Exercise directions: What are the lines, word for word, from the line with "To go ahead" up to and including the line with "Hopefully you are" in the records below? Omit the pictures.

╭─ Provided entries

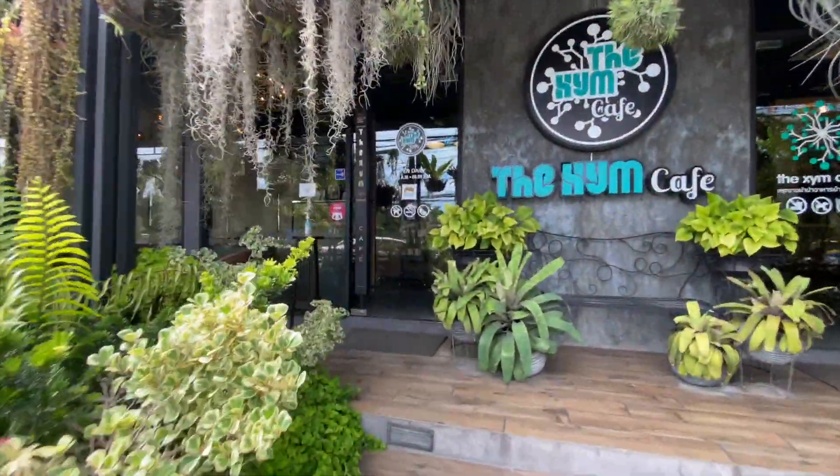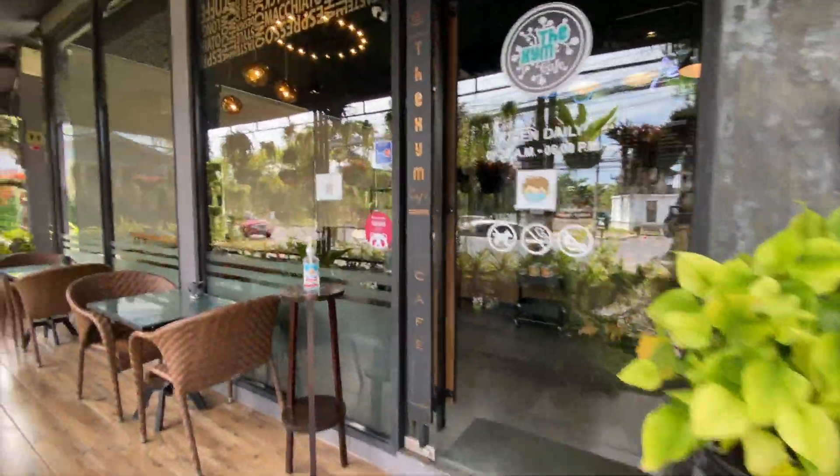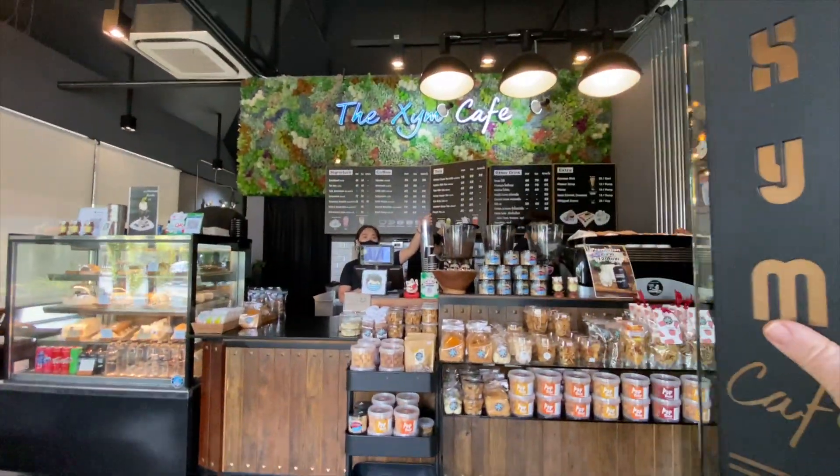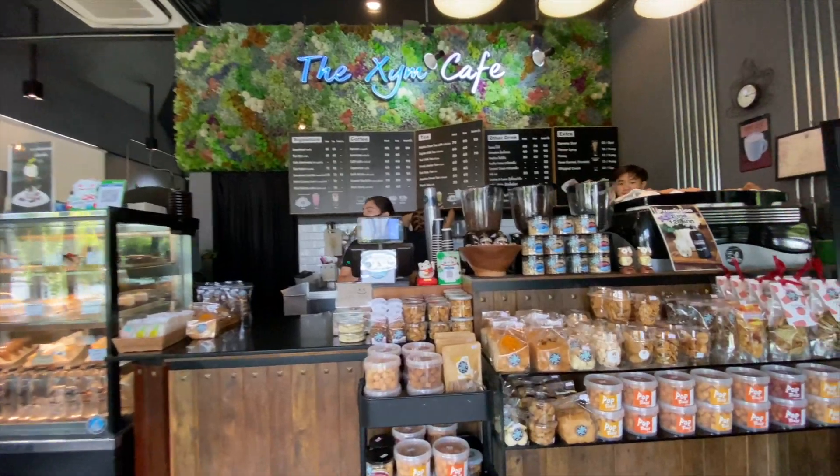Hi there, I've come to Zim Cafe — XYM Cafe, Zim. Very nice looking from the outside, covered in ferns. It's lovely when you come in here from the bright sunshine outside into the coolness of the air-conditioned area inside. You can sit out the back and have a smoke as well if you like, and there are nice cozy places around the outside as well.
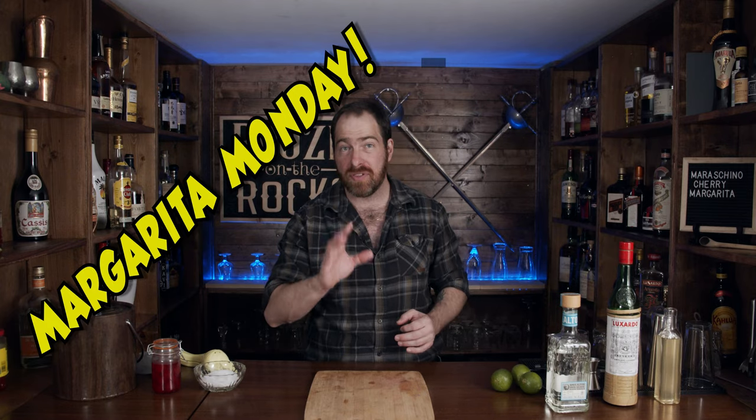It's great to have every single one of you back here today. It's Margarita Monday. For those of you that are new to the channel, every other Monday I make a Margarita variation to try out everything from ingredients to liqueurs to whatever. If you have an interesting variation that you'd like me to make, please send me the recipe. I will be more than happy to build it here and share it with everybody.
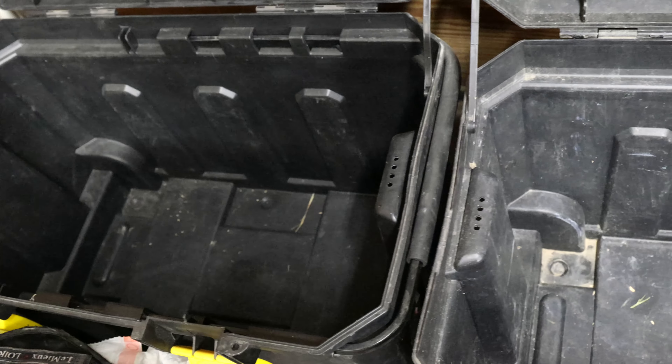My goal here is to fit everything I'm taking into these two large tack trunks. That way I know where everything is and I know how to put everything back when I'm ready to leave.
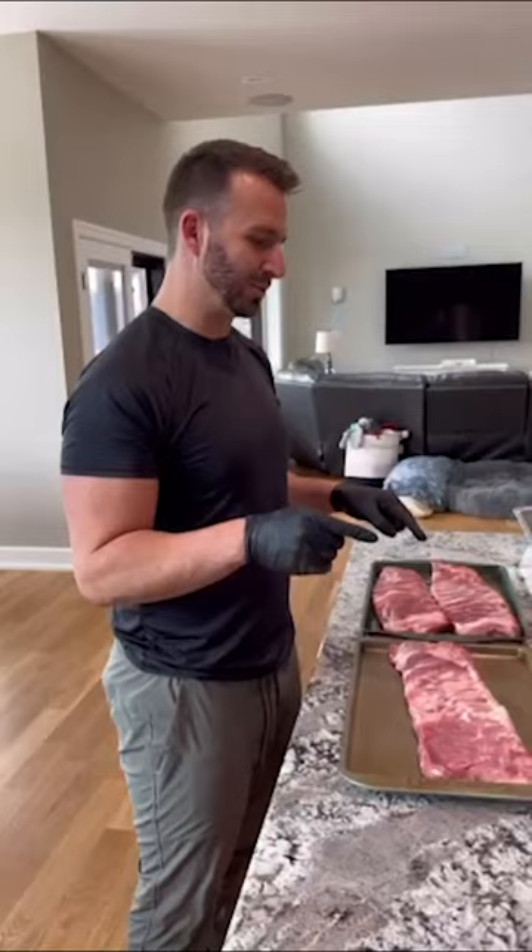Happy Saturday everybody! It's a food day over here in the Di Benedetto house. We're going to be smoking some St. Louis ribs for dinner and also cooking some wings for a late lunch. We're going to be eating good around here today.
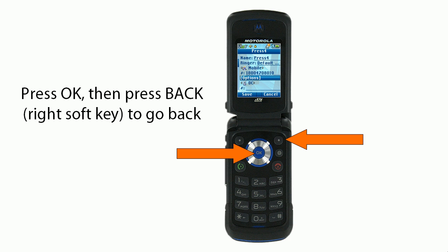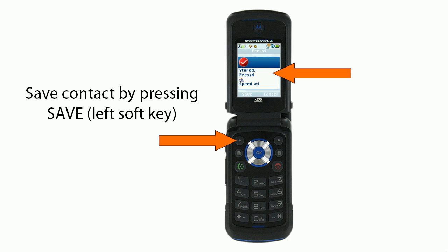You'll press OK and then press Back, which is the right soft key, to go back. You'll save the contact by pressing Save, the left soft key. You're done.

╰─
╭─ Provided entries

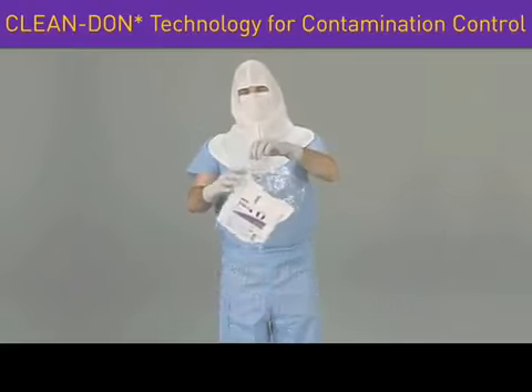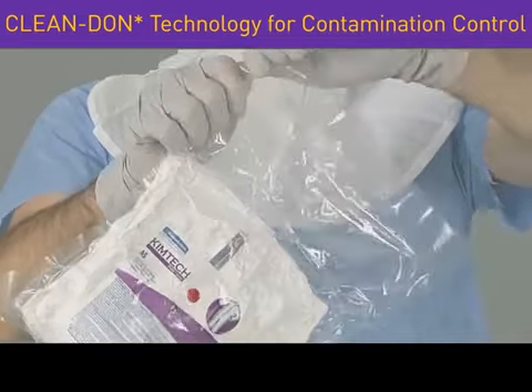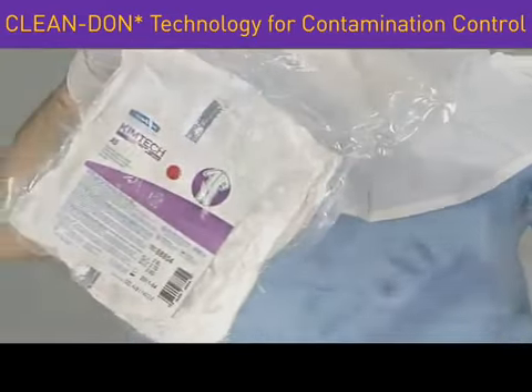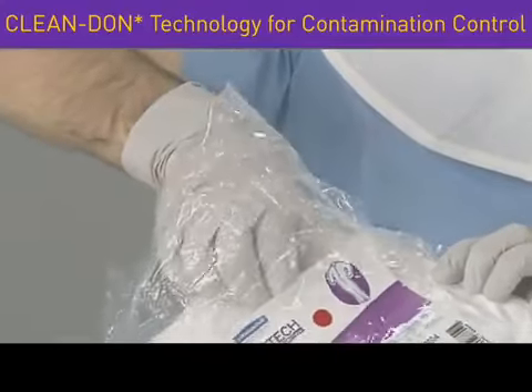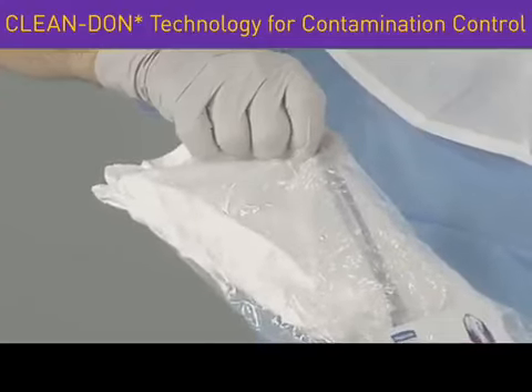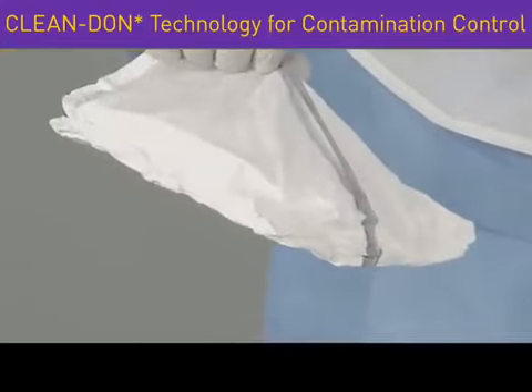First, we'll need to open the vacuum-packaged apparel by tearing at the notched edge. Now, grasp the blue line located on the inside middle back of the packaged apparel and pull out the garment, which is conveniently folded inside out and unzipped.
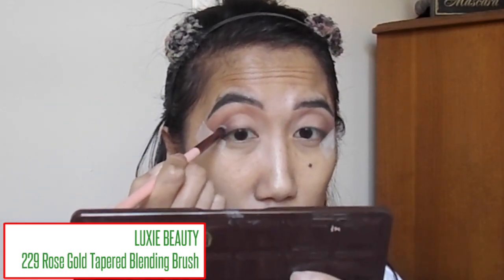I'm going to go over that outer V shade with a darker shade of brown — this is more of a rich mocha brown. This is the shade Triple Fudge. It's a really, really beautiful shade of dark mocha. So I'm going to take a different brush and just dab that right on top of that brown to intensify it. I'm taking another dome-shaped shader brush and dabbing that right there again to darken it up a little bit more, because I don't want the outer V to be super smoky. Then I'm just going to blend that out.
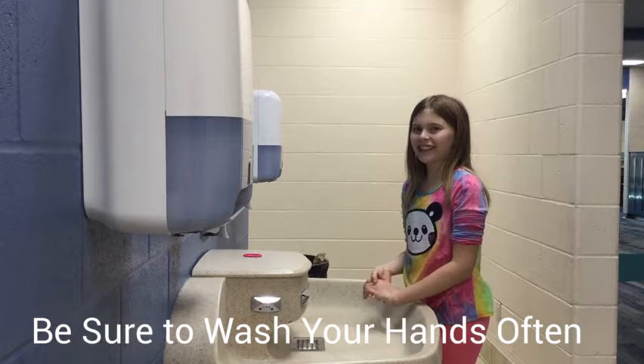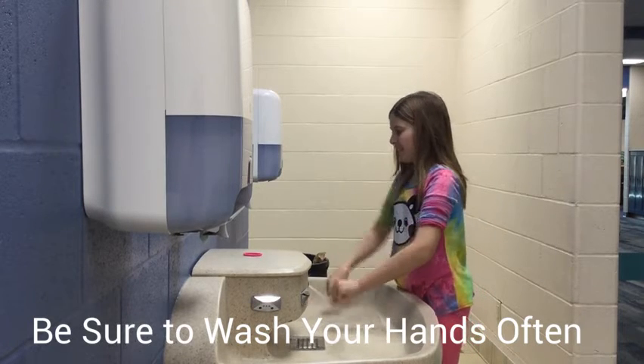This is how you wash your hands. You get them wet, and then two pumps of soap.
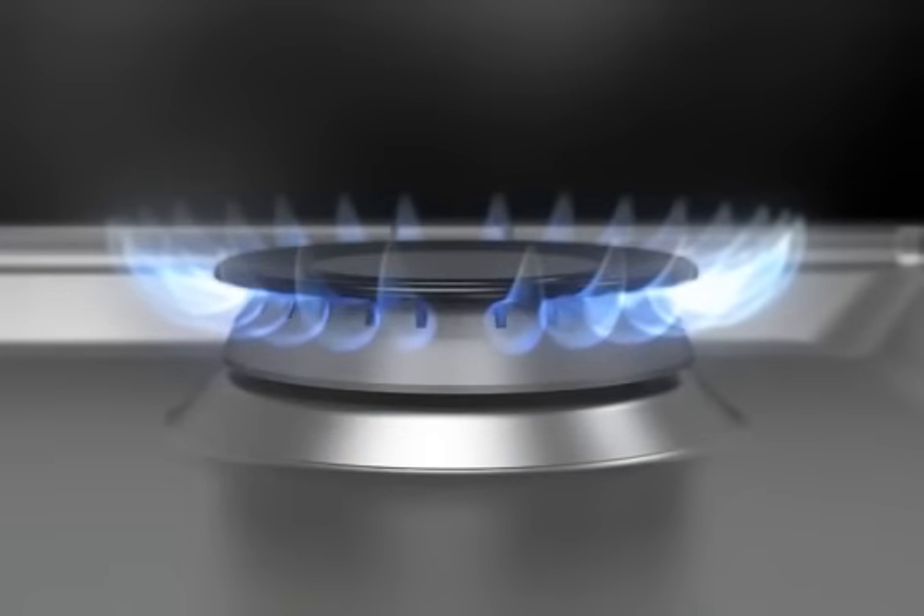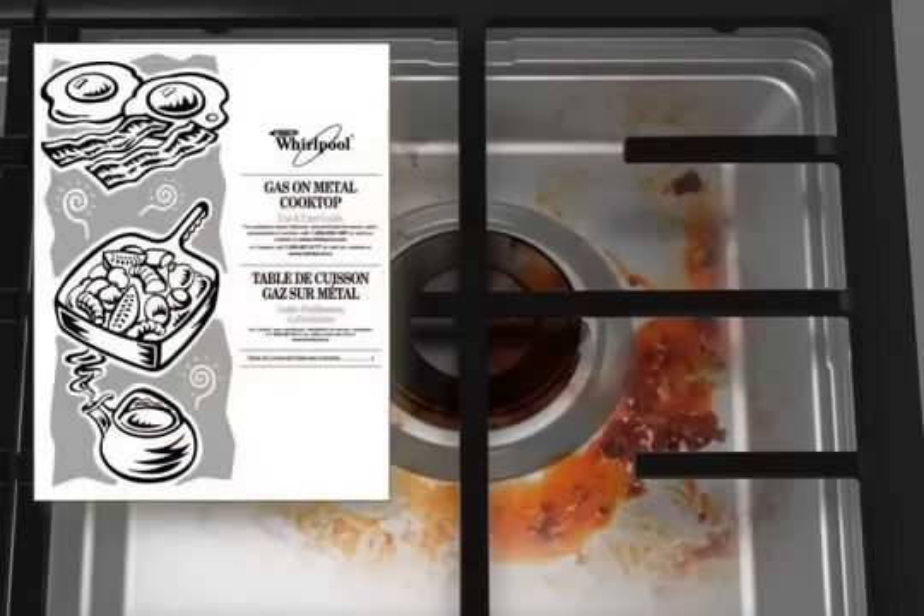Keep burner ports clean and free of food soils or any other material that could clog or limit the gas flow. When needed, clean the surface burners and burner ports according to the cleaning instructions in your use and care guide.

╰─
╭─ Provided entries

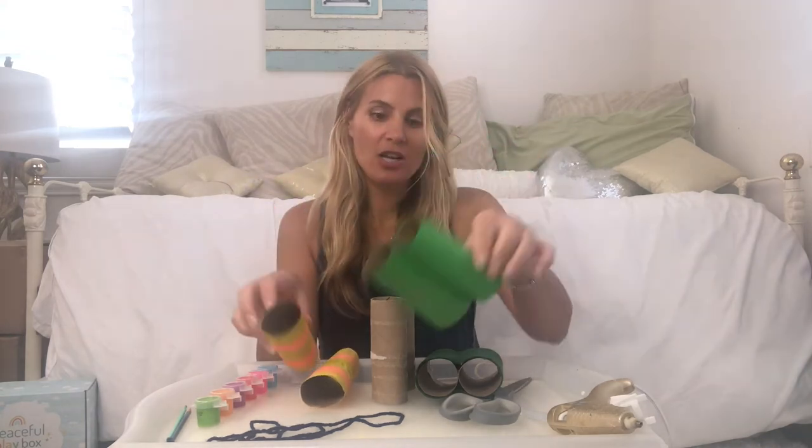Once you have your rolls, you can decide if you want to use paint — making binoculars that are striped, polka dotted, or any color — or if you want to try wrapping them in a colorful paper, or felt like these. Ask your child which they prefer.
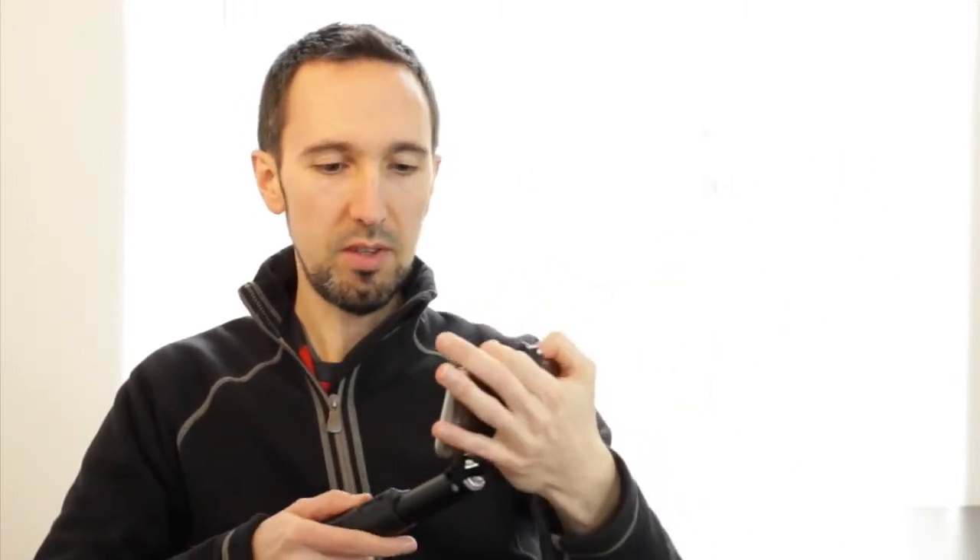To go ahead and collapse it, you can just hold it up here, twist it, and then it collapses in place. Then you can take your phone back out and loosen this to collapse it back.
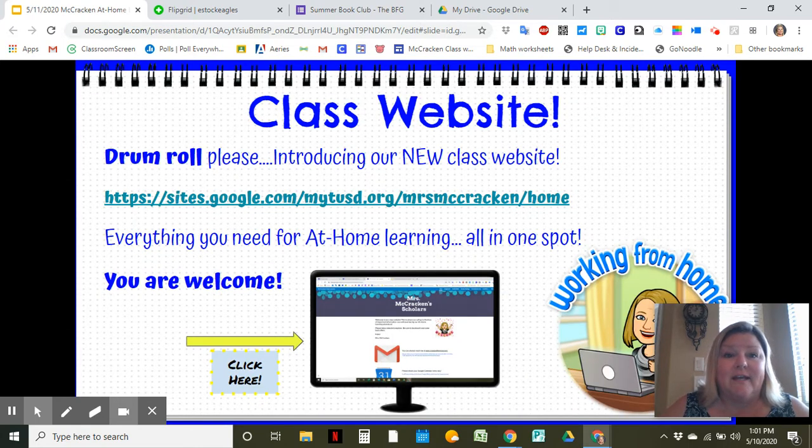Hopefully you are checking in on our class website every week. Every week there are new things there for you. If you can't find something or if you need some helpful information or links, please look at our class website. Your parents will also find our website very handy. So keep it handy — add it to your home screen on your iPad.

╰─

Solution to this task:
To go ahead and collapse it, you can just hold it up here, twist it, and then it collapses in place. Then you can take your phone back out and loosen this to collapse it back.
Hopefully you are checking in on our class website every week. Every week there are new things there for you. If you can't find something or if you need some helpful information or links, please look at our class website. Your parents will also find our website very handy. So keep it handy — add it to your home screen on your iPad.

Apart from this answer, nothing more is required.